↓

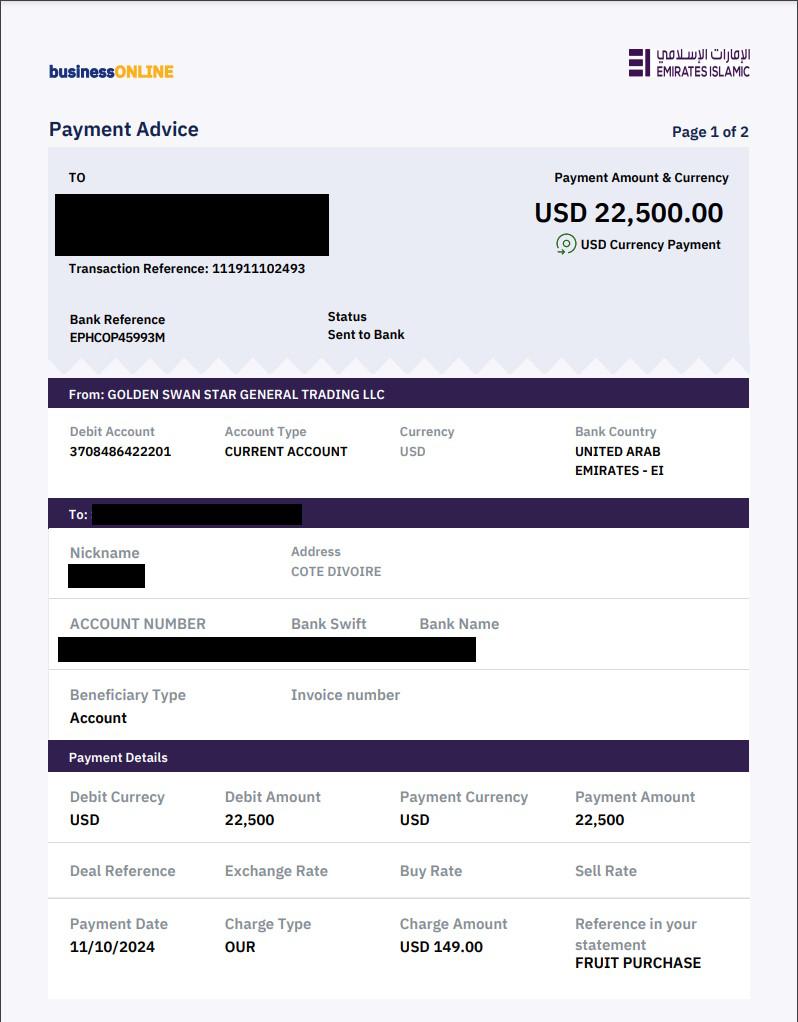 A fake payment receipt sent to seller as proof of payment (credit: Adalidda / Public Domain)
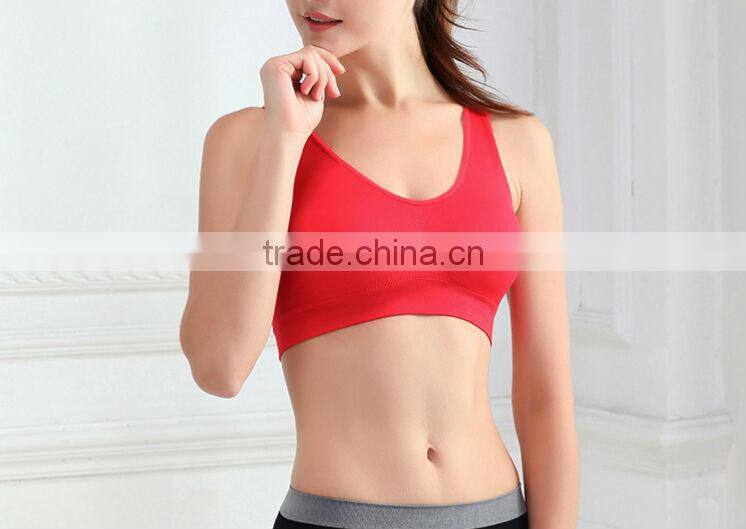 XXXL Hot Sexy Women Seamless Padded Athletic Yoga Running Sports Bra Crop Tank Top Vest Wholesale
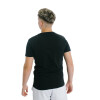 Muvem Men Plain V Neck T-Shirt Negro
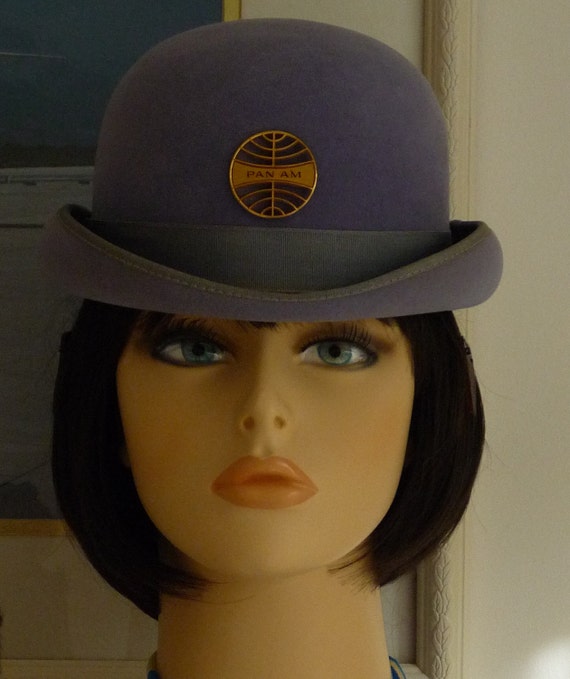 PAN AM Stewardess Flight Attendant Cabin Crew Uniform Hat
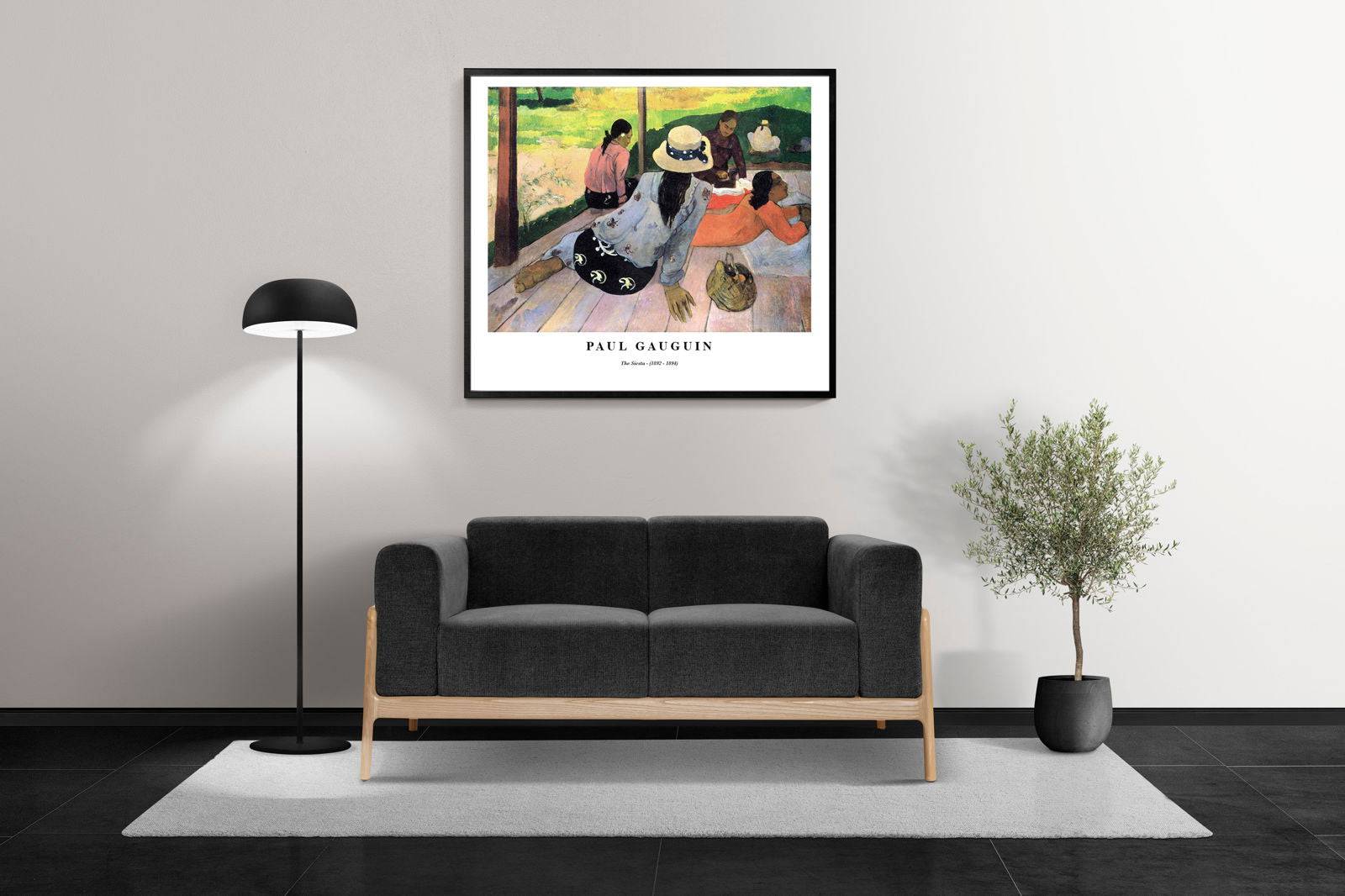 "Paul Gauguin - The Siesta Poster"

↑

### Your objective
Give the entries above again, exactly as written and free of images.

### Response area
 A fake payment receipt sent to seller as proof of payment (credit: Adalidda / Public Domain)
 XXXL Hot Sexy Women Seamless Padded Athletic Yoga Running Sports Bra Crop Tank Top Vest Wholesale
 Muvem Men Plain V Neck T-Shirt Negro
 PAN AM Stewardess Flight Attendant Cabin Crew Uniform Hat
 "Paul Gauguin - The Siesta Poster"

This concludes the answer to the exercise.